## Exercise goal
Write back every record verbatim.

====== Extracted information

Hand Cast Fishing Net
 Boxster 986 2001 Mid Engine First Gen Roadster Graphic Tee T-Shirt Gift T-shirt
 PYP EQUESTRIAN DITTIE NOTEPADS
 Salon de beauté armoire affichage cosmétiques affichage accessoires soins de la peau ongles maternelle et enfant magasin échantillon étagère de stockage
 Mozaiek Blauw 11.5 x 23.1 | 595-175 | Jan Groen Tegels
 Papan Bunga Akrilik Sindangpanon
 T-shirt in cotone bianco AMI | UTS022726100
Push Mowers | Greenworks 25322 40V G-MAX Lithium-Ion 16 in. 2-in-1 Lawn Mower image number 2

============

## Reply
Hand Cast Fishing Net
 Boxster 986 2001 Mid Engine First Gen Roadster Graphic Tee T-Shirt Gift T-shirt
 PYP EQUESTRIAN DITTIE NOTEPADS
 Salon de beauté armoire affichage cosmétiques affichage accessoires soins de la peau ongles maternelle et enfant magasin échantillon étagère de stockage
 Mozaiek Blauw 11.5 x 23.1 | 595-175 | Jan Groen Tegels
 Papan Bunga Akrilik Sindangpanon
 T-shirt in cotone bianco AMI | UTS022726100
Push Mowers | Greenworks 25322 40V G-MAX Lithium-Ion 16 in. 2-in-1 Lawn Mower image number 2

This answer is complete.